Breakups? Breakdowns? Funerals? We all have musical ghosts and they're destined to haunt us forever.
Daisy Jones
London, GB

Everybody has at least one song they can no longer listen to. That one familiar melody that makes your throat close up and tears prickle in the back of your eyes every time some oblivious twat cranks it up at a house party or it comes on shuffle. Maybe it reminds you of your first true love and subsequent heartbreak. Maybe your nan used to whistle it while gardening before she died. Or maybe it was the last song you heard before your parents sat you down and told you they were divorcing and your dad had to move into that grotty bedsit in Chigwell where he just cried and drank cider. Either way, we all have musical ghosts, and sometimes they're just destined to haunt us forever.

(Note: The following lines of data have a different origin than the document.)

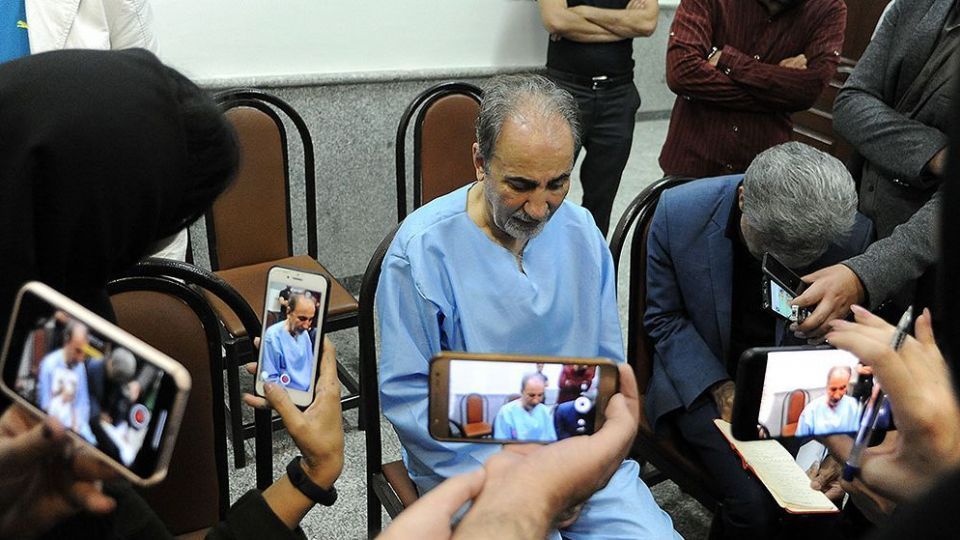 روایتی متفاوت از خودکشی شهردار سابق تهران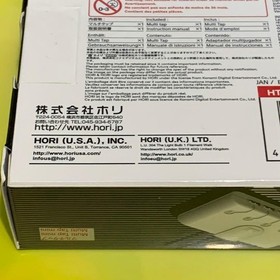 HORI Multi-Tap HTG-004 PC Engine Mini for PC Engine mini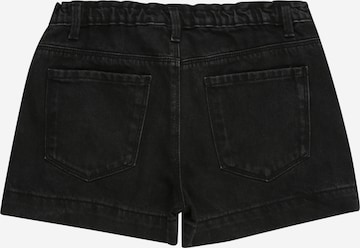 KIDS ONLY Regular Jeans 'Comet' in Black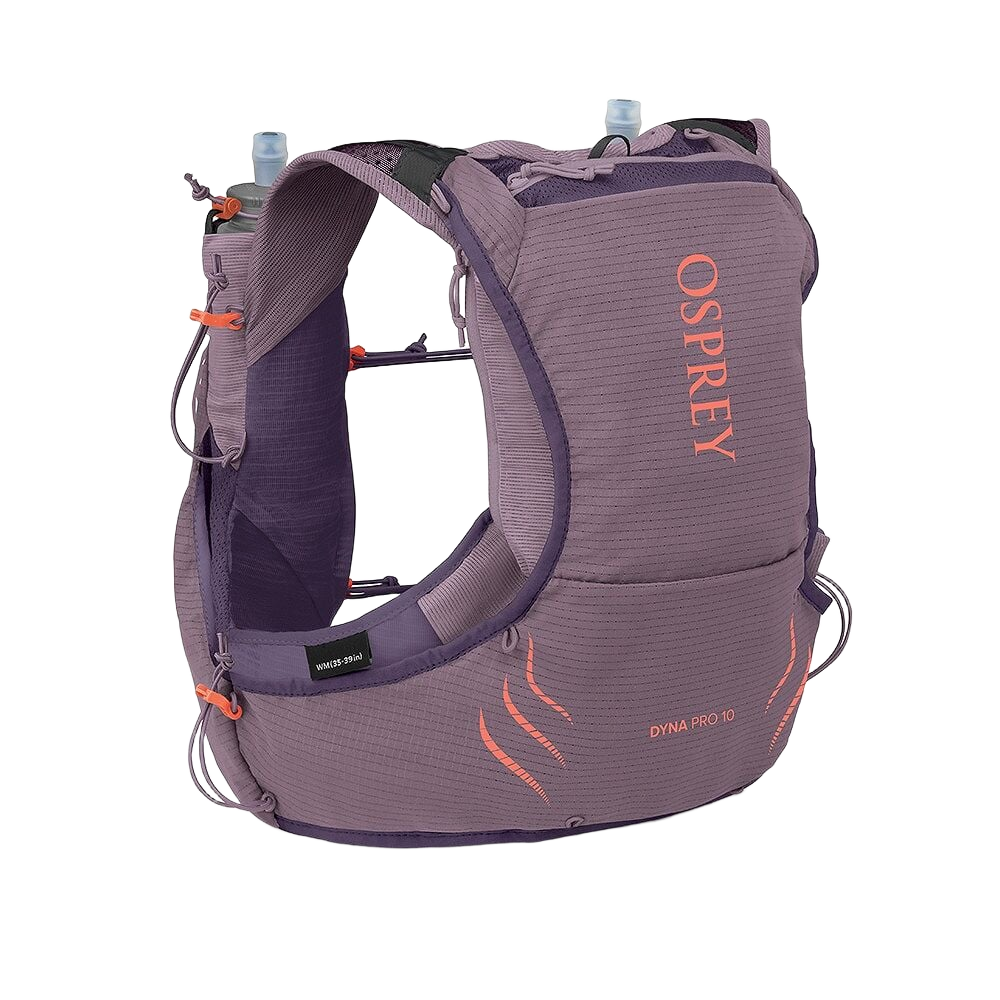 Osprey | Dyna Pro 10 Run Hydration Vest | Dames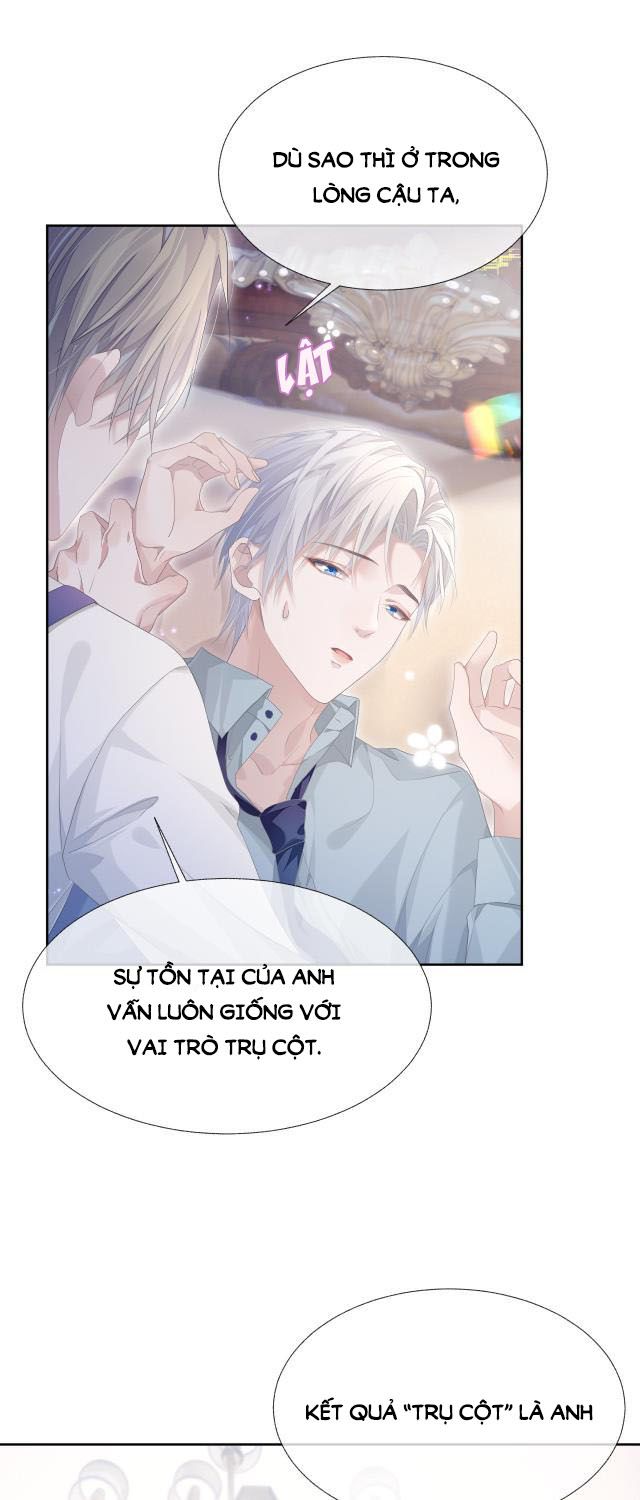 Đơn Xin Ly Hôn Chapter 11 - Trang 3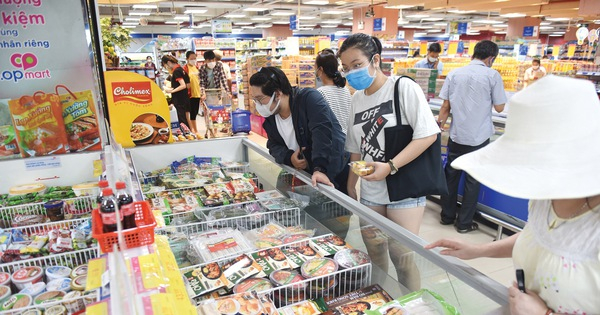 Một đổi mới khác của hợp tác xã là quỹ Saigon Co.op gắn kết, đây là khoản tích lũy của người lao động khi người họ làm việc cho sàn Co.op 5 năm, 10 năm, hay nghỉ hưu tại sàn Co.op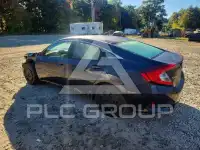 2018 Honda CIVIC фото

There's a reason songs can stick with us in an uncomfortable way. "From memory research, the vividness and strength of an experience amalgamates memories, and brain coding is more efficient if you go through a high intensity experience," says Tuomas Eerola, a professor of music cognition at Durham University. "The stronger the external association, the easier it is for your brain to retrieve the memories. It does that to survive the next time you experience something similar. If you get a shock or into a dangerous situation, for instance, those same cues can arise from then on." In other words, you ugly-crying to the candlelight version of "Heaven" by DJ Sammy is actually your brain trying to do you a favour.

With that in mind, I asked a few people to share the songs they can no longer listen to, because sometimes you have to face the music to make yourself feel better.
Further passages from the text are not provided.